What the exercise asks: Extract the lines from the first one in the records below through the line containing "Sister LB stands", keeping both ends and leaving out any pictures.

[Data supplied — start]

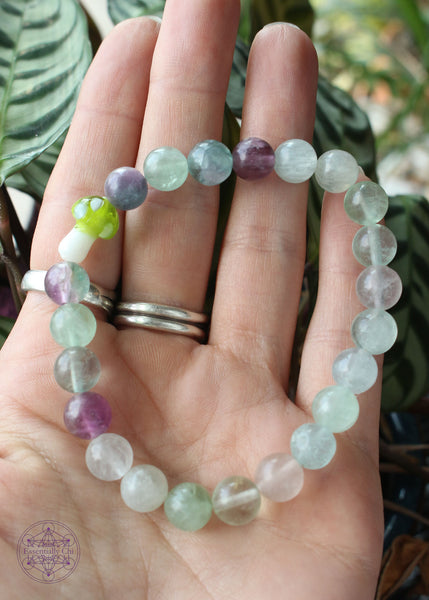 Green & purple fluorite stretch bracelet with a lime green glass mushroom focal bead.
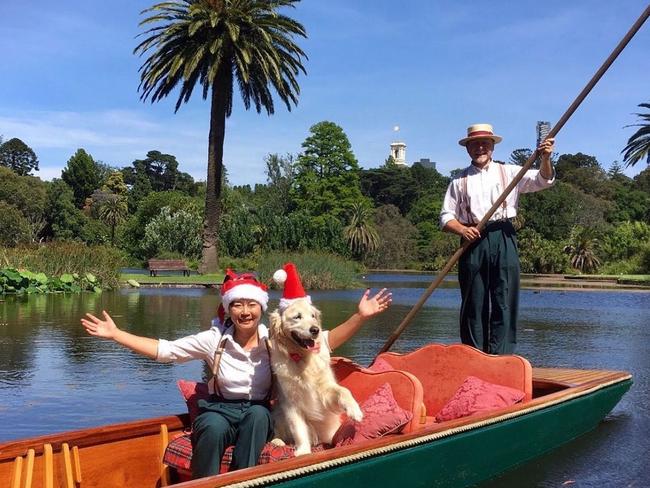 Punting on the Lake business owners Ayami and Wesley Golledge with dog Fergus. Picture: @puntingonthelake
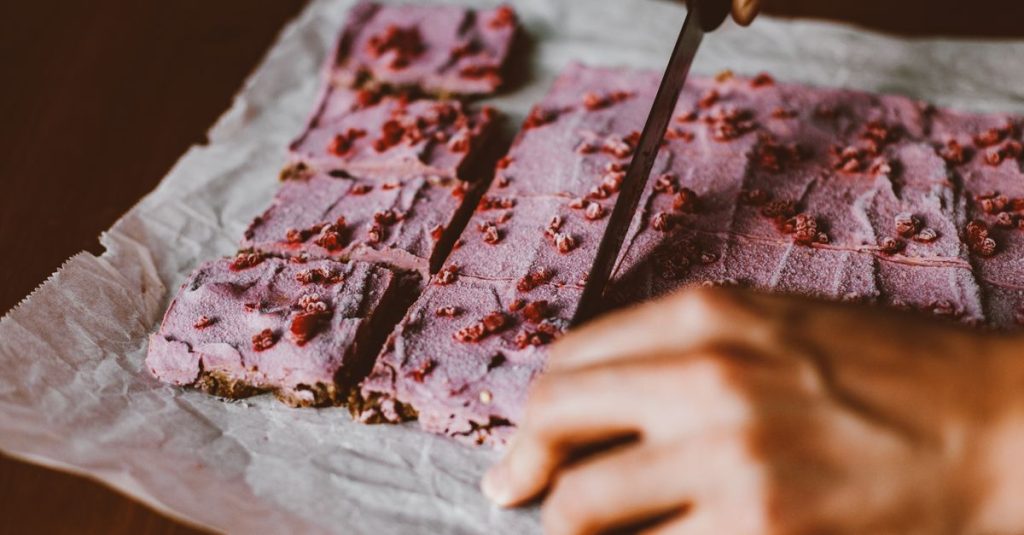 Kedekatan tangan yang sedang memotong batang pencuci mulut pink cerah dengan berry di atas kertas roti.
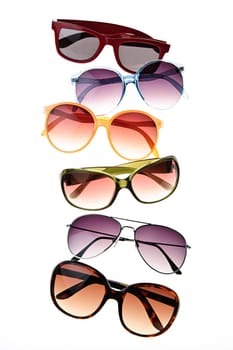Assorted styles of tinted sunglasses isolated on white background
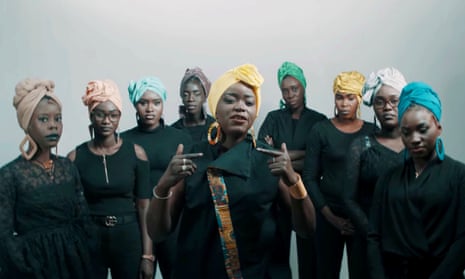 Sister LB stands flanked by eight other women stood behind her, all dressed in black, with varied colourful headscarves in the video for her song Maa La Dig Tekki.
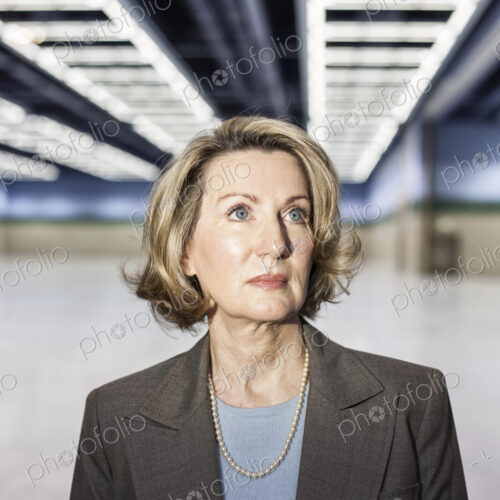 Portrait of a caucasian businesswoman in a convention center space. Portrait of a caucasian businesswoman in a convention center space.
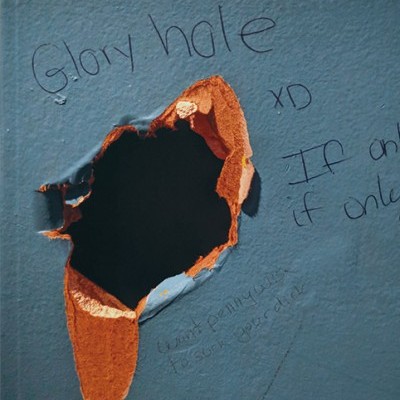 Buraco irregular numa parede azul com tinta descascada e inscrições escritas à volta.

[Data supplied — finish]

Task answer:
 Green & purple fluorite stretch bracelet with a lime green glass mushroom focal bead.
 Punting on the Lake business owners Ayami and Wesley Golledge with dog Fergus. Picture: @puntingonthelake
 Kedekatan tangan yang sedang memotong batang pencuci mulut pink cerah dengan berry di atas kertas roti.
Assorted styles of tinted sunglasses isolated on white background
 Sister LB stands flanked by eight other women stood behind her, all dressed in black, with varied colourful headscarves in the video for her song Maa La Dig Tekki.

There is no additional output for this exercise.